TO DO: Give exactly the lines from the one with "50OFFZ[sbR[l Nu PICONE" through the final line of the listing below, both included, leaving out any pictures.

------------------------------------------------------------

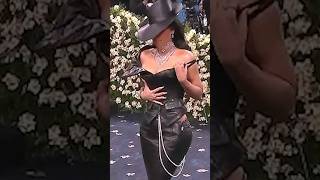 Kim Kardashian HUMILIATED at Met Gala – Wardrobe Malfunction Caught on Camera!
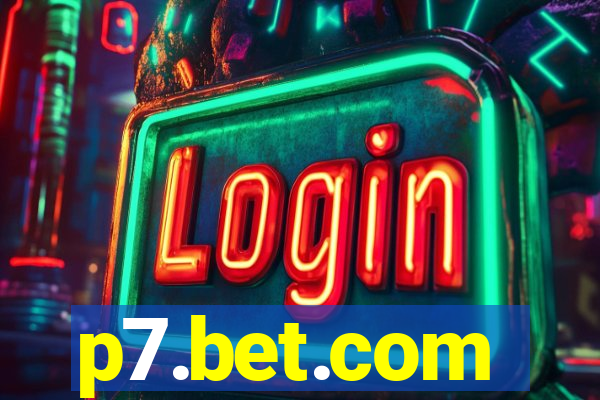 p7.bet.com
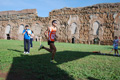 trofeo_2065
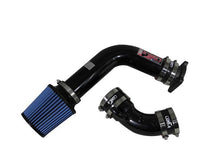 Load image into Gallery viewer, Injen 00-01 Maxima V6 3.0L Black Cold Air Intake **SPECIAL ORDER**
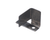 CMA DISH MACHINES PARTS 17506.21 - SKU CMA17506.21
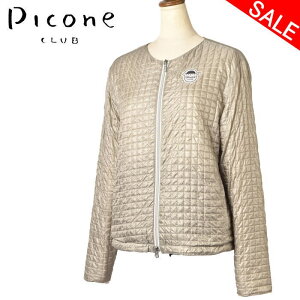 50OFFZ[sbR[l Nu PICONE CLUBWbvAbvu] fB[X 2024H~V M-L-LL gbvX sbR[lNuŋz AEgbg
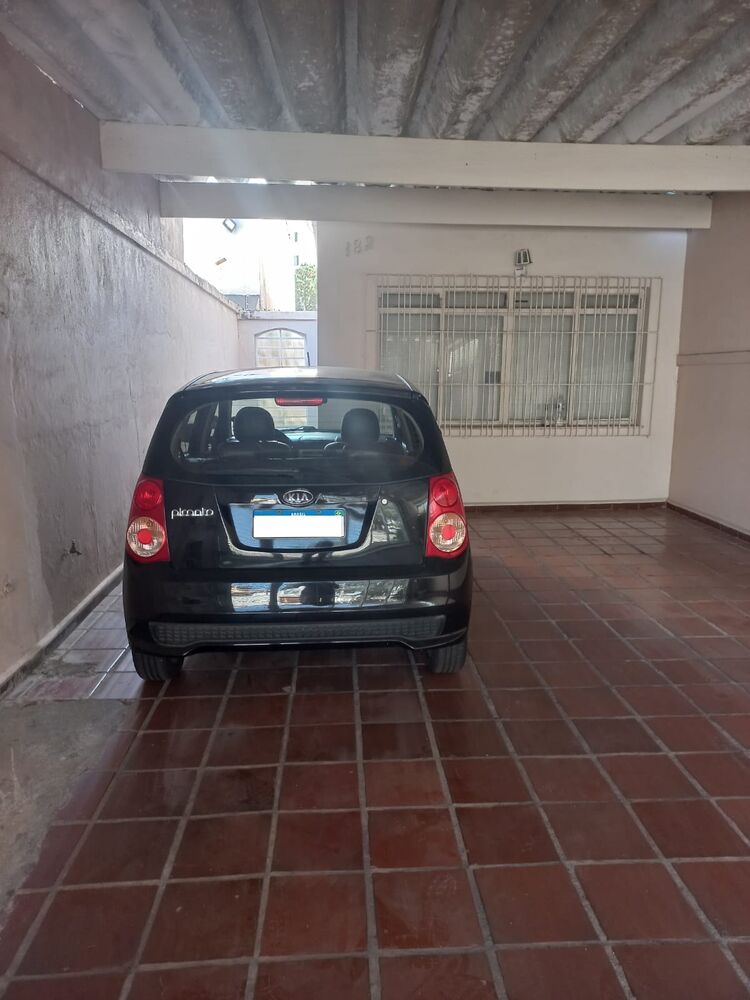 Sobrado à venda com 3 quartos, 168m² - Foto 10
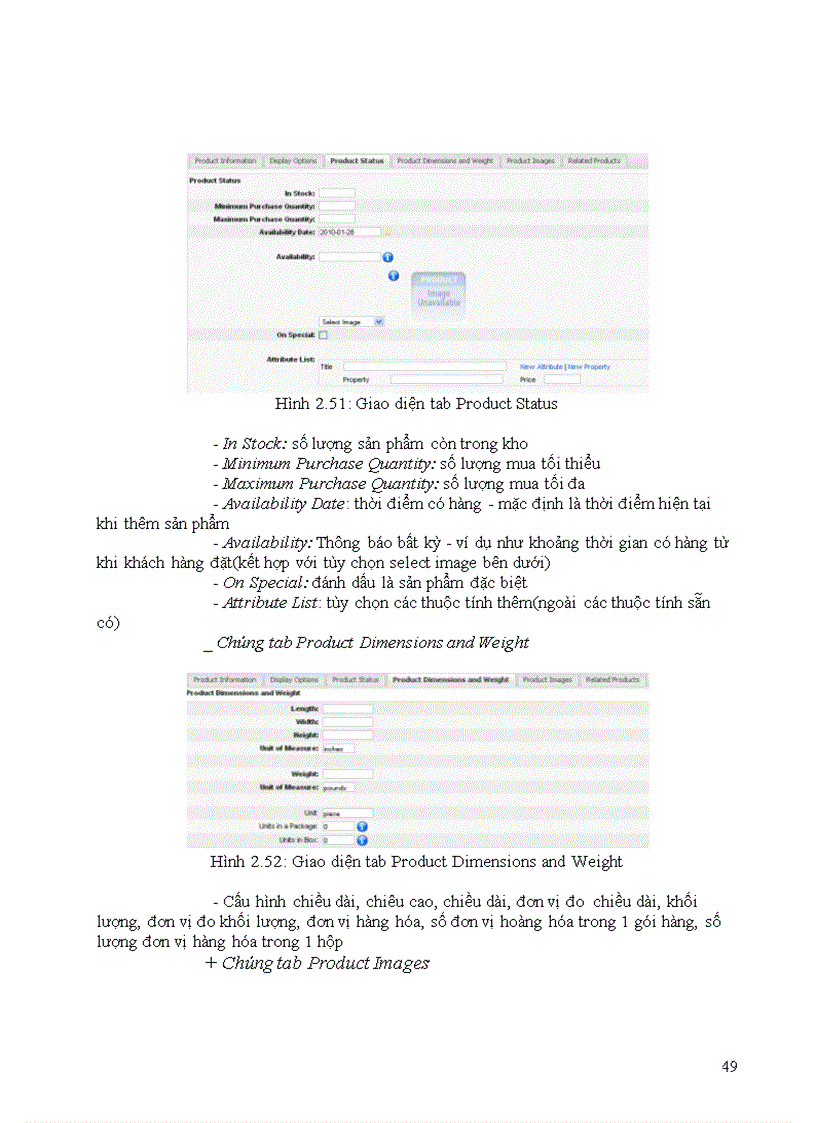 image for page Tìm hiệu hệ quản trị nội dung và áp dụng hệ quản trị nội dung để xây dựng website cho Nhà xã hội Hoa Mai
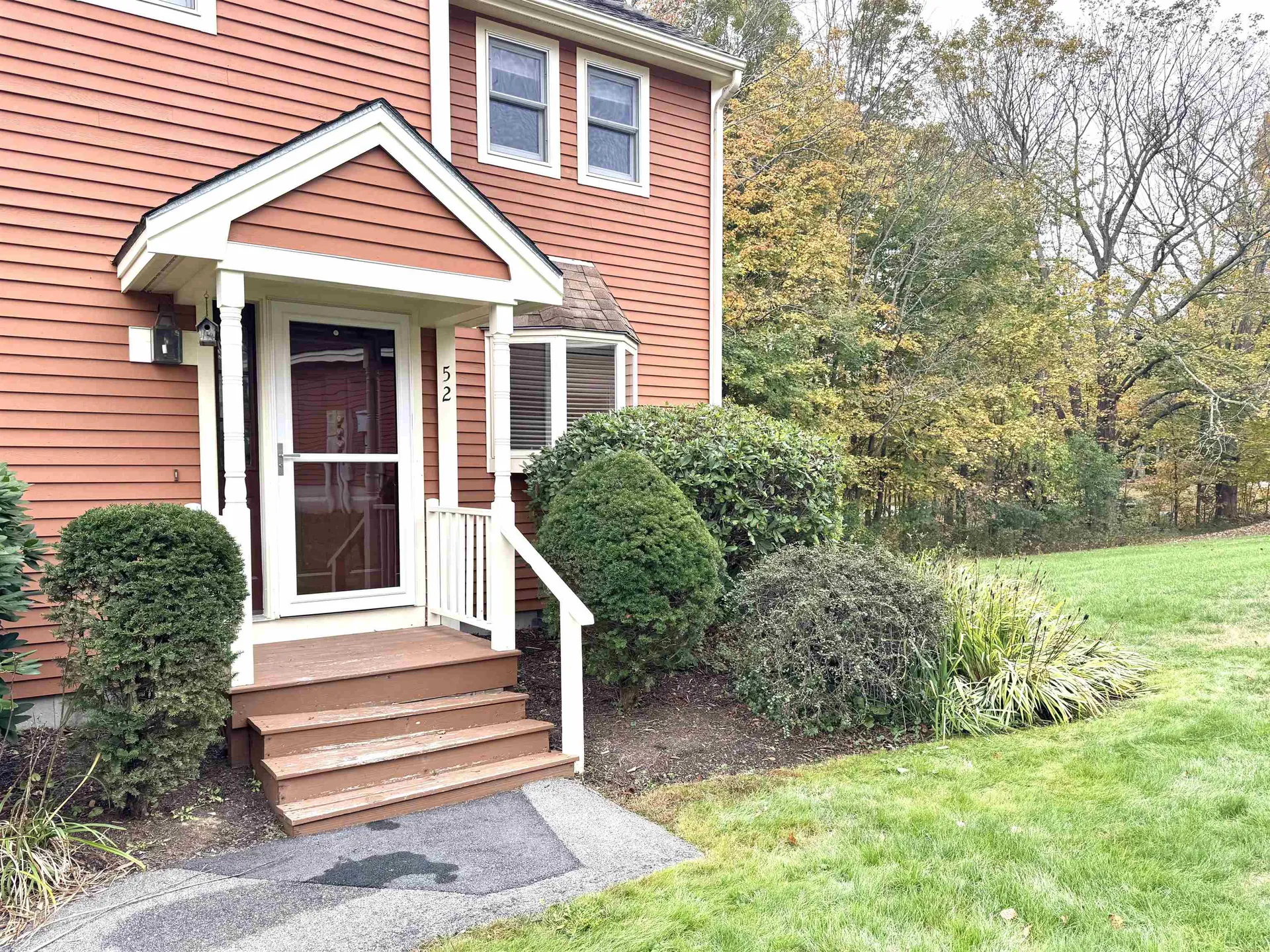 52 Katie Lane Dover NH 03820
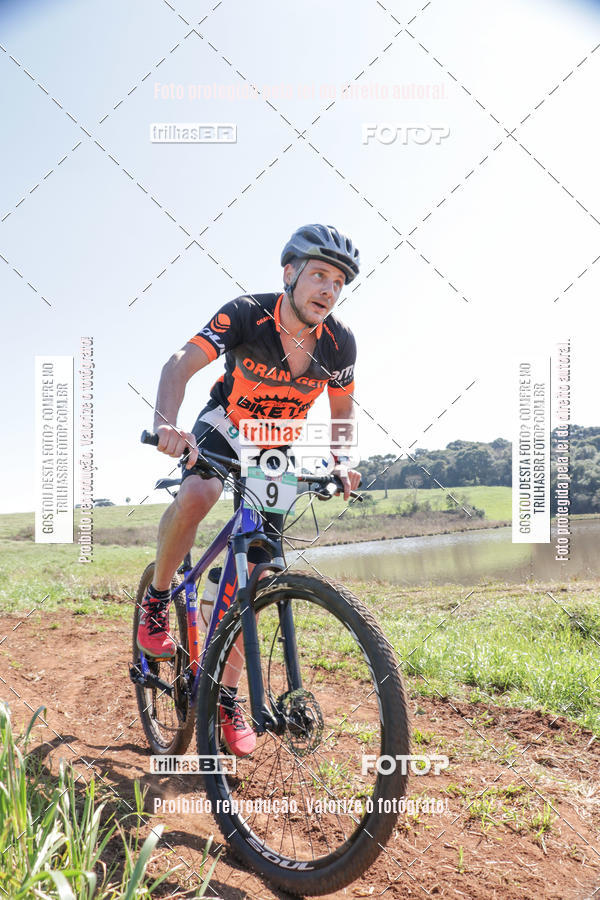 Buy your photos of the eventCross Duathon Soul on Fotop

------------------------------------------------------------

TASK OUTPUT:
 50OFFZ[sbR[l Nu PICONE CLUBWbvAbvu] fB[X 2024H~V M-L-LL gbvX sbR[lNuŋz AEgbg
 Sobrado à venda com 3 quartos, 168m² - Foto 10
 image for page Tìm hiệu hệ quản trị nội dung và áp dụng hệ quản trị nội dung để xây dựng website cho Nhà xã hội Hoa Mai
 52 Katie Lane Dover NH 03820
 Buy your photos of the eventCross Duathon Soul on Fotop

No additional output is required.